Travelling and holidays
The expected drop in the pound would mean that your money would be worth less abroad, so spending on your holiday will be more expensive. If you're travelling in Europe, that would at least be offset by an expected negative effect on the Euro too, but most experts expect sterling to drop more drastically.
Budget holidays may be a thing of the past too. No-frills airlines currently take advantage of the single aviation area, which allows them to fly across Europe freely. Since its introduction, fares have fallen by around 40% and routes have increased by 180%. If we leave the EU, this access would need to be renegotiated.
Using your phone or getting injured abroad would be more expensive too. Roaming charges within the EU are currently capped, and fees will be cut to zero from June 2017. Leaving the EU would exempt us from these agreements.
In terms of illness, a European Health Insurance Card (EHIC) entitles us to free or reduced-cost treatment in other EU countries. We'd have to renegotiate the terms our healthcare in the EU were we to exit.
Immigration and taxes
Whatever your feelings about how the free-movement of labour within the EU affects our way of life, the taxes paid by predominantly young and employed EU immigrants help prop up our ageing population. A steady influx of working immigrants is vital to the growth and sustainability of our economy.
HMRC data shows that EU migrants coming into the country in the last four years paid £2.5bn more in income tax and national insurance than they took in tax credits and child benefit. In terms of them 'taking our jobs', this has coincided with an 1 million increase in British people in work.
If we significantly reduce the number of foreign workers entering the country, this would not only have serious implications for certain sectors (such as the NHS who rely heavily on skilled migrant workers), but also put more onus on us to cover the cost of our ageing demographic, be it through increased taxes or cuts in other areas.
The alternative is to significantly increase the number of immigrants coming into the country from outside of the EU. Non-EU migrants already outnumber EU migrants (and always have done) - despite the fact that EU workers are currently free to enter. This would not appease those wanting 'their country back'.
Being part of the EU means that our government has to grant us certain employment rights. Part-time workers are entitled to the same basic rights as full-time workers; employees with children are allowed to take leave to look after their kids; temps on fixed-term contracts have to be treated the same as permanent staff.
European legislation also means employees cannot be discriminated against due to their age, sexual orientation, disabilities or beliefs. And we are entitled to certain levels of paid holiday and breaks. The government can't take these rights away from us due to our membership to the EU.

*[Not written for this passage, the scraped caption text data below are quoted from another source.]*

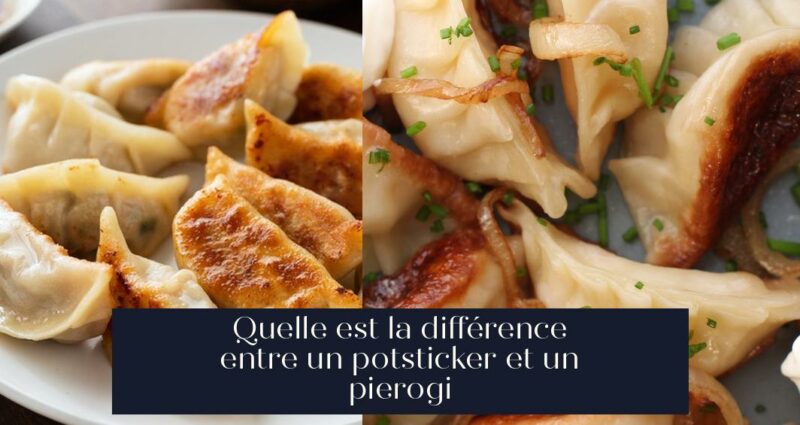 Quelle est la différence entre un potsticker et un pierogi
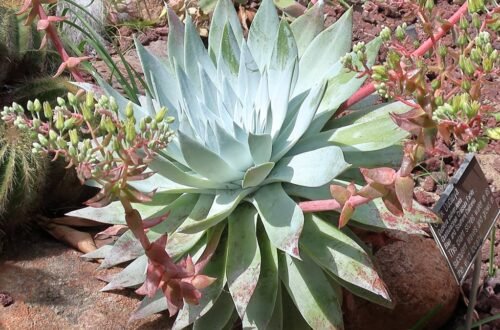 dudleya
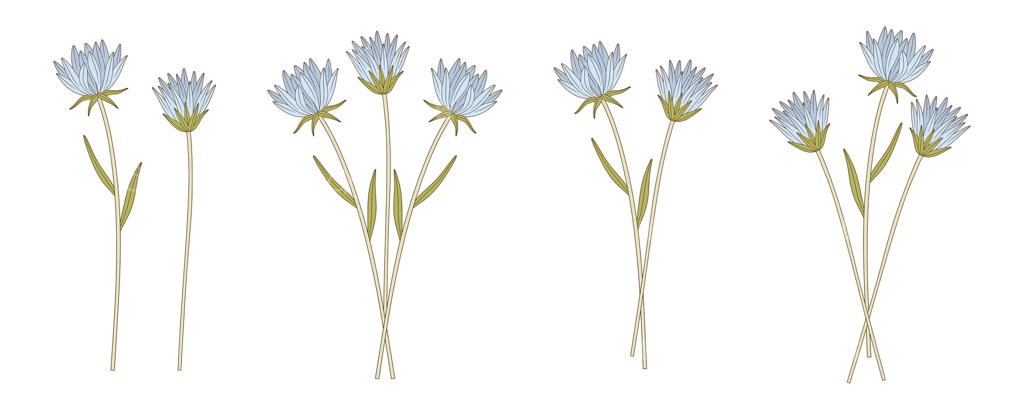 دسته گل‌های آبی با برگ‌ها: مجموعه‌ای از گل‌های وحشی و گیاهان دائمی. عناصر طراحی گیاهی برای پروژه‌های هنری و طراحی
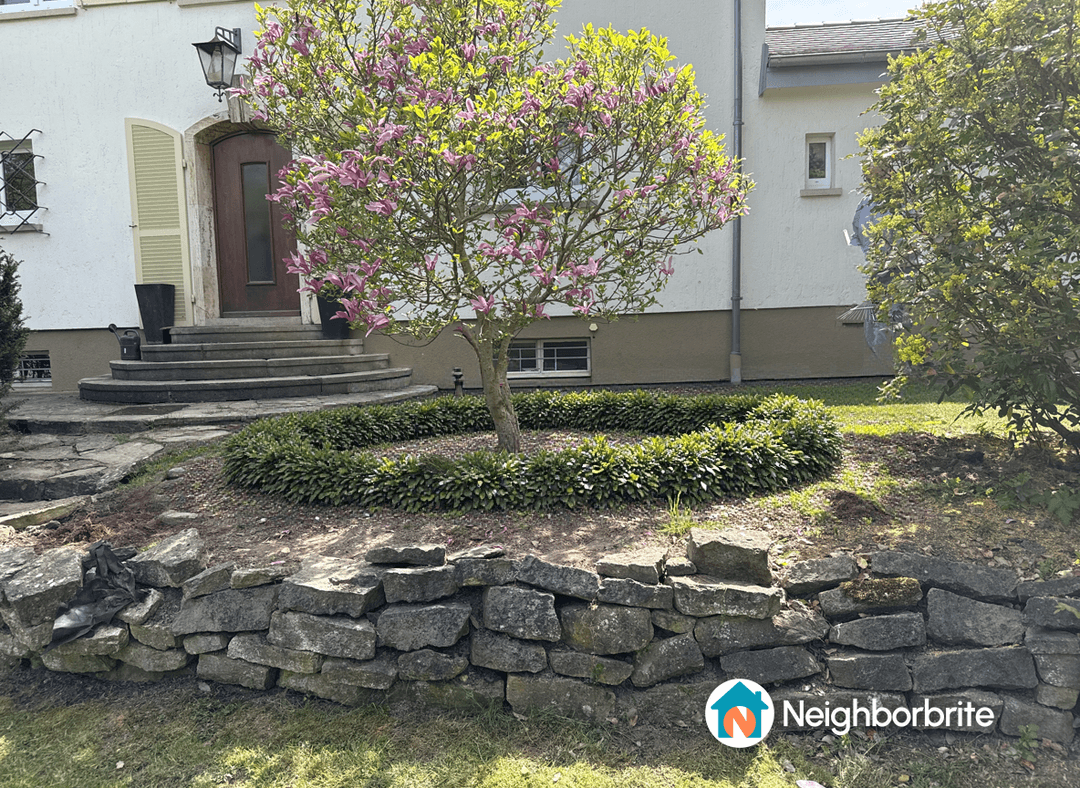 A garden featuring a blooming tree and stone wall landscaping.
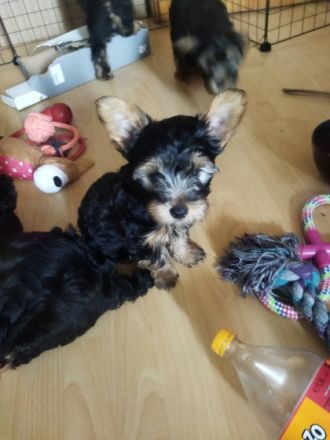 Hallo liebe Yorkshire Terrier . Herzllich Willkommen.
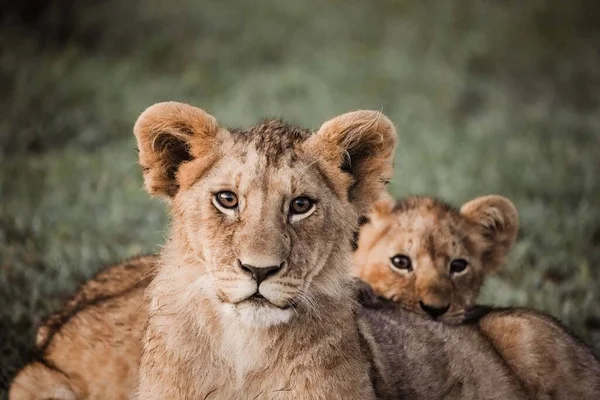 Closeup Shot Beautiful Mother Lioness Cub Habitat — Stock Photo, Image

The fear for those opposed to Brexit is that those safeguards will be removed, and that the politicians leading the Leave campaign happen to be members of UKIP and the right-wing of the Conservative party - those most in favour of a full opt-out from the EU’s working-time directive and the agency workers' directive.
With David Cameron expected to resign if the country votes to leave the EU this week, critics worry this will leave the likes of Boris Johnson, Michael Gove, Liam Fox and perhaps even Nigel Farage with a mandate to take over control. Indeed it is rumoured that Farage has been promised a cabinet post in a post-Brexit government led by Johnson.